Monday, December 27, 2010

Capturing Images of your Various Motile Birds with an Olympus E 330 and 70-300


Crumby’s current, bird documentation, camera combo is the above. As a bird in flight (bif) combo it is next to useless for any but the most mundane documentation photos (see golden crowned kinglet below). But with a little help from Jasc PSP, an average amateur photographer can get a picture of a walking bird (wb). Course to snap such a picture in the first place you have to use manual focus. Autofocus does not actually work on Olympus cameras, not SAF, much less CAF.

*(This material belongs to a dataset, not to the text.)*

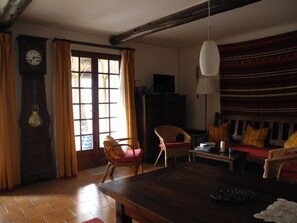 Televisión, chimenea, reproductor de DVD y libros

Hold it. Sometimes SAF works. But only when the lens is aimed below the horizontal. If the lens is inclined above the horizontal, that’s when autofocus never works. Yet another reason to purchase mainstream camera equipment from a reliable, big name company as opposed to a pipsqueak company.

Praise the Goddess, the 60D should be here pretty soon. Crumby managed to borrow a portrait lens to test his new camera out with once it finally arrives. Then Crumby shall need to decide how much of the Olympus equipment to let go and replace with Canon gear. Crumby is a little misty-eyed wrt to his Sigma 150mm macro. But to continue to use it he would need to upgrade to a 12.3 megapixel, sensor Olympus camera costing a minimum of four hundred or so bucks. The new camera would still suck on cloudy or windy days though. Mercy!

Here’s what Crumby needs to go with his new 60D. Crumby needs a 10-22mm and a 400mm 5.6. Then, if he shucks his current macro gear,(Sigma 150 and Oly 35), he would also need replacements for that. In Canon mount there is every kind of macro lens an average amateur photographer could desire. And nearly every one of them is can’t miss good.